# Choke Collar Peekaboo



## Avengr13 (Feb 8, 2012)

I have always used a choke collar for training but I have always had short hair dogs. Her collar gets lost in the long fur by her neck. Any ideas?


----------



## Blondie (Oct 10, 2009)

Are you training a dog or a puppy? I too am of the old school of training with a choker collar. I had boxers as a kid and did obedience the old fashioned strict/rigid ways of by gone years. When I took Maggie to obedience as a 4 month old, I used a cotten materail choker collar. I don't really know what else people are using, but that training has really changed over the years. So much so, that I'm actually considering starting Maggie over at the beginning level. Eventually, hoping to achieve the CGC title. With positive training and clicker nowadays, it's all so different. I'm sure someone will come along who knows more about your collar inquiry.


----------



## Avengr13 (Feb 8, 2012)

Thanks for trying Blondie!


----------



## MikaTallulah (Jul 19, 2006)

I have always used a metal choke chain for training my Goldens. Right now at dog training though I have to use a martingale because they don't allow choke chains.
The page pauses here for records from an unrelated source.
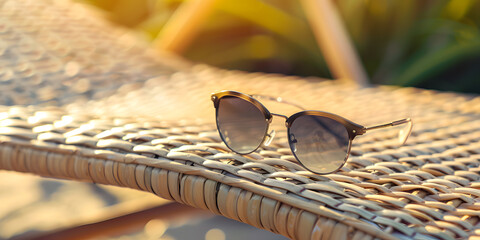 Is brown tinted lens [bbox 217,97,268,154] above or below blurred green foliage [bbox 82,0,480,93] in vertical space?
below

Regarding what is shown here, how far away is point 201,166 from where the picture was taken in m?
0.47

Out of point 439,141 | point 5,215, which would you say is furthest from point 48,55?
point 439,141

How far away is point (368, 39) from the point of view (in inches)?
84.9

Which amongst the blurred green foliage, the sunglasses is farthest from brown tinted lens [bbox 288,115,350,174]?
the blurred green foliage

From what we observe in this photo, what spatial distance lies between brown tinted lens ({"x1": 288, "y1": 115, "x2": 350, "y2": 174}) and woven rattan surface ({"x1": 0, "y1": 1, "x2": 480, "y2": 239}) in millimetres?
14

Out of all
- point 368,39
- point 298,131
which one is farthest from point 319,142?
point 368,39

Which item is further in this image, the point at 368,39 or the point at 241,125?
the point at 368,39

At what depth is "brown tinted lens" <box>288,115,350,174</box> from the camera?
47 centimetres

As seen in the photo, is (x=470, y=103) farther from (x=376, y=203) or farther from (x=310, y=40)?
(x=310, y=40)

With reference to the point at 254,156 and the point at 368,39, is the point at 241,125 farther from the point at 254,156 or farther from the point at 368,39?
the point at 368,39

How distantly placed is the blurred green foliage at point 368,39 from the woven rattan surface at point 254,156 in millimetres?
956

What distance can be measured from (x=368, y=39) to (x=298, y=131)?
5.85ft

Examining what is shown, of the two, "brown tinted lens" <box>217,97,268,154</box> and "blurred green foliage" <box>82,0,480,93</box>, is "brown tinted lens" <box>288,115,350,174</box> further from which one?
"blurred green foliage" <box>82,0,480,93</box>

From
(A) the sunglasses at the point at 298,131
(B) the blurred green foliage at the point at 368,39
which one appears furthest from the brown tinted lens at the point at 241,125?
(B) the blurred green foliage at the point at 368,39
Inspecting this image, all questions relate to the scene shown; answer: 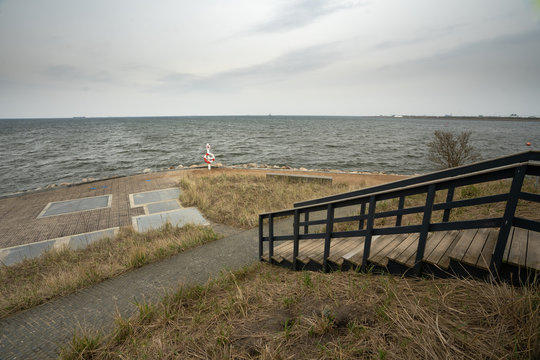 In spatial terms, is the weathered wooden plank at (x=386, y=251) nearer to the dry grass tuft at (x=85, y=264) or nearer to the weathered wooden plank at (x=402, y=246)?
the weathered wooden plank at (x=402, y=246)

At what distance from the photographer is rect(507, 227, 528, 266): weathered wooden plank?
2310 millimetres

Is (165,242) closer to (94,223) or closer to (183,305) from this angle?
(183,305)

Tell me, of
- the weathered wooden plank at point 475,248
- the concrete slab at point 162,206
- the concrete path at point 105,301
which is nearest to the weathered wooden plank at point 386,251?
the weathered wooden plank at point 475,248

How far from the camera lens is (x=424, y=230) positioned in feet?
8.85

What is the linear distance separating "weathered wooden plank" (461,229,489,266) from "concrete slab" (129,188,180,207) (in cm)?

Why do you need to worry out choke chain peek a boo? They should only wear it during training and it should be removed after to prevent accidental chokings. When training a leash would be attached to it.


----------



## Golden Oliver (Dec 18, 2011)

Oliver is in puppy class (he's 5 months) and the trainer suggested a cotton choke collar. I've tried it and it's helping. I only put it on when we go for a walk and while at puppy class. It's quite tight but the trainer says it's the right size for him.


----------



## JDandBigAm (Aug 25, 2008)

I have a Spindrift Martingale Cozy collar that is fleece lined to protect neck hair breakage. I think you would be happy with a collar like this one.


----------